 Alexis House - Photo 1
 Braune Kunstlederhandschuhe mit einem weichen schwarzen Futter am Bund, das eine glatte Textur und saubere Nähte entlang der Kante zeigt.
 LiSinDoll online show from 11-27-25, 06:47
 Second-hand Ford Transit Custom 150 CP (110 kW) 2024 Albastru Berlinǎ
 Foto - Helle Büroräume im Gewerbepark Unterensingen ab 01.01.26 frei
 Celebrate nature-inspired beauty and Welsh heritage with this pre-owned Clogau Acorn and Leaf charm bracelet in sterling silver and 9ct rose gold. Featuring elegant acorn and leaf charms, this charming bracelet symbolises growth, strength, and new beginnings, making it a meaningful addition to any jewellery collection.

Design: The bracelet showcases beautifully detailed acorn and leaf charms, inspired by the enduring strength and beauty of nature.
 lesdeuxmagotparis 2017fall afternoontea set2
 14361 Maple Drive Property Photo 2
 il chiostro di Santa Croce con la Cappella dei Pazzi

=-=-=-=-=

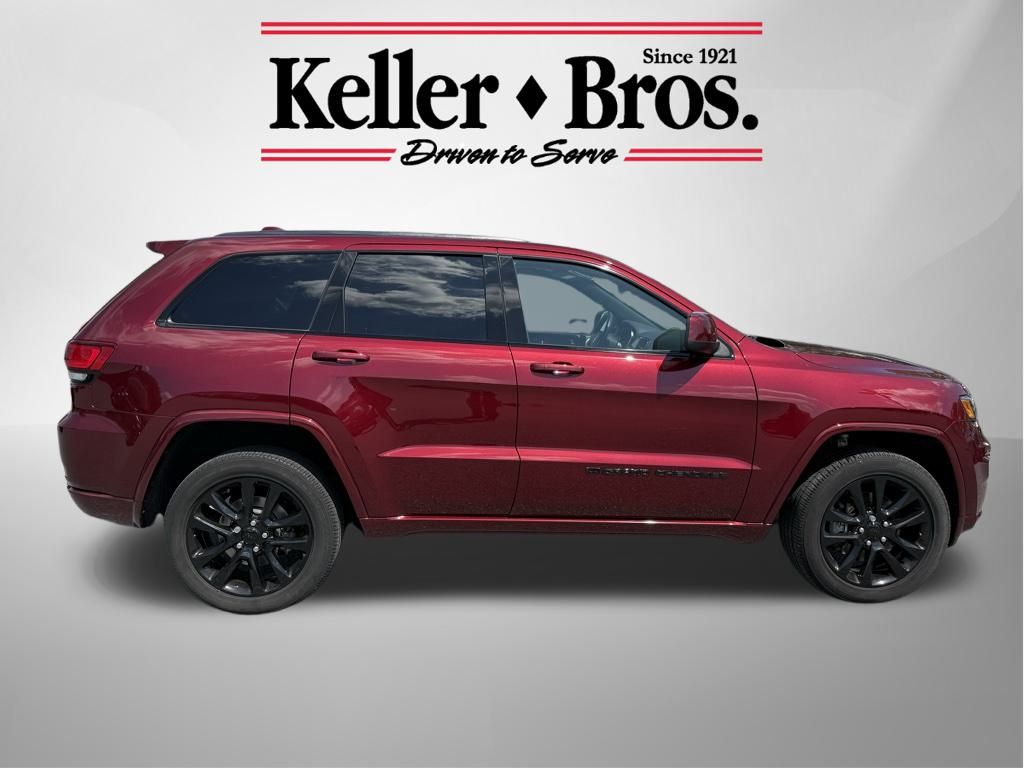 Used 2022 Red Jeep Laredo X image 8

=-=-=-=-=

_EXERCISE OBJECTIVE_: The expected answer is an exact copy of the lines above, beginning at the line with "LiSinDoll online show from 11-27-25, 06:47" and ending at the line with "Celebrate nature-inspired beauty", with both ends in.

_ANSWER BOX_:
 LiSinDoll online show from 11-27-25, 06:47
 Second-hand Ford Transit Custom 150 CP (110 kW) 2024 Albastru Berlinǎ
 Foto - Helle Büroräume im Gewerbepark Unterensingen ab 01.01.26 frei
 Celebrate nature-inspired beauty and Welsh heritage with this pre-owned Clogau Acorn and Leaf charm bracelet in sterling silver and 9ct rose gold. Featuring elegant acorn and leaf charms, this charming bracelet symbolises growth, strength, and new beginnings, making it a meaningful addition to any jewellery collection.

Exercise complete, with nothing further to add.